§ What to produce
Only the lines below between the ones containing "Картина модульная на" and "Retro XUPING Simple", inclusive, are to be reproduced, each exactly as it stands.

§ The records
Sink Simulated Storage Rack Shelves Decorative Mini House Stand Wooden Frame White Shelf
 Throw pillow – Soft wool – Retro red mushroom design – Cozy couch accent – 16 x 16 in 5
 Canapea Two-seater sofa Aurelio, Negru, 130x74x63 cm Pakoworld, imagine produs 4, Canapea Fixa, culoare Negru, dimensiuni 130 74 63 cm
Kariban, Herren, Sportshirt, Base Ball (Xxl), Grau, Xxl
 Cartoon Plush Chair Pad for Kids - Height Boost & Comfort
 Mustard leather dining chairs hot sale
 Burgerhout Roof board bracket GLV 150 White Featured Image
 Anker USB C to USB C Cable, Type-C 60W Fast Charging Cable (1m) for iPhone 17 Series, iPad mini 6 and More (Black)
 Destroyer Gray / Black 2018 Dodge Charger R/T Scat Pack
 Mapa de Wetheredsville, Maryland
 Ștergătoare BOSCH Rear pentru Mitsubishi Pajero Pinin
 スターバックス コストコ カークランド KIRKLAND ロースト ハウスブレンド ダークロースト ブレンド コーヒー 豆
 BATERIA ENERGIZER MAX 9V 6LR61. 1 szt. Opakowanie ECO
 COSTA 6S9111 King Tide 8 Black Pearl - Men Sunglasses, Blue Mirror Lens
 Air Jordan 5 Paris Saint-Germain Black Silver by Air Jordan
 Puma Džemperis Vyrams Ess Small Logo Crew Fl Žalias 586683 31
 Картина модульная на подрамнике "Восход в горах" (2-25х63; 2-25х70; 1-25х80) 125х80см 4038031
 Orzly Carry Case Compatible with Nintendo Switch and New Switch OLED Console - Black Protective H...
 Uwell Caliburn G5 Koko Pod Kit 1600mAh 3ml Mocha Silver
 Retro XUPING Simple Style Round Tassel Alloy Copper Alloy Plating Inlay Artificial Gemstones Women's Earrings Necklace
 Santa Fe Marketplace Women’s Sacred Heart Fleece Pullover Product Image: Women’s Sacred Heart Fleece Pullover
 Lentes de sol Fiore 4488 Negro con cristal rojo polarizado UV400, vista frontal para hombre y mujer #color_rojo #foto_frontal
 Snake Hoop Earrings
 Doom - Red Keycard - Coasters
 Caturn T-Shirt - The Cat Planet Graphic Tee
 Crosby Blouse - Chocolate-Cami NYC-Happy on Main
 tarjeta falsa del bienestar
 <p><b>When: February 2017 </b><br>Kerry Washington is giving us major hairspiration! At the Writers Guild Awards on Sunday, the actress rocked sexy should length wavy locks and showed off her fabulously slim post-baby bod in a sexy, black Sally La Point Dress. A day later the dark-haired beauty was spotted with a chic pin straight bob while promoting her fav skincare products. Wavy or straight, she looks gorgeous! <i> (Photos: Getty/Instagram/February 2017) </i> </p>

§ Solution to the problem
 Картина модульная на подрамнике "Восход в горах" (2-25х63; 2-25х70; 1-25х80) 125х80см 4038031
 Orzly Carry Case Compatible with Nintendo Switch and New Switch OLED Console - Black Protective H...
 Uwell Caliburn G5 Koko Pod Kit 1600mAh 3ml Mocha Silver
 Retro XUPING Simple Style Round Tassel Alloy Copper Alloy Plating Inlay Artificial Gemstones Women's Earrings Necklace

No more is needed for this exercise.